Она протянула нос к молоку и залакала. Значит, через мою ласку ей жизни прибавилось. И, может быть, именно эти несколько глотков молока решали борьбу в пользу жизни. Таким глотком молока и решается в мире дело любви.

Цветут сначала ландыши, потом шиповник всему есть свое время цвести. Но бывает, целый месяц пройдет с тех пор, как отцветут ландыши, а где-нибудь в самой черной лесной глуши цветет себе один и благоухает. И так очень редко, но бывает и с человеком. Бывает, где-то в затишье, в тени жизненной незнаемый человек; о нем думают: "отжил" – и мимо пройдут. А он вдруг неожиданно выйдет, засветится и зацветет.

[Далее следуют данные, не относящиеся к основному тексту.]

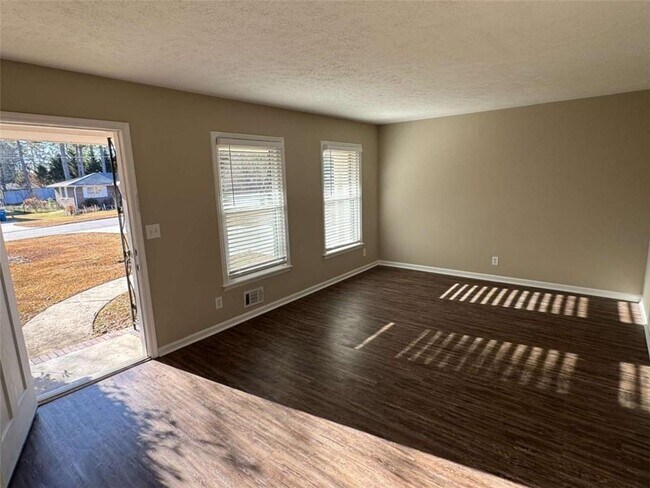 Photo - 437 Lockridge Ln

Радость какая! На лугу в лесу встретилась ромашка, самая обыкновенная "любит – не любит". При этой радостной встрече я вернулся к мысли о том, что лес раскрывается только для тех, кто умеет чувствовать к его существам родственное внимание. Вот эта первая ромашка, завидев идущего, загадывает: "любит – не любит?" "Не заметил, проходит, не видя: не любит, любит только себя. Или заметил… О, радость какая: он любит! Но если он любит, то как все хорошо: если он любит, то может даже сорвать".

Никаких следов того, что люди называют любовью, не было в жизни этого старого художника. Вся любовь его, все, чем люди живут для себя, у него было отдано искусству. Обвеянный своими видениями, окутанный вуалью поэзии, он сохранился ребенком, удовлетворяясь взрывами смертельной тоски и опьянением радостью от жизни природы. Прошло бы, может быть, немного времени, и он умер, уверенный, что такая и есть вся жизнь на земле…

Но вот однажды пришла к нему женщина, и он ей, а не мечте своей, пролепетал свое "люблю".

Так все говорят, и Фацелия, ожидая от художника особенного и необыкновенного выражения чувства, спросила:

– А что это значит, "люблю"?

– Это значит, – сказал он, – что если у меня останется последний кусок хлеба, я не стану его есть и отдам тебе, если ты будешь больна, я не отойду от тебя, если для тебя надо будет работать, я впрягусь, как осел…

И он еще много насказал ей такого, что люди выносят из-за любви.

Фацелия напрасно ждала небывалого.

– Отдать последний кусок хлеба, ходить за больной, работать ослом, – повторила она, – да ведь это же у всех, так все делают…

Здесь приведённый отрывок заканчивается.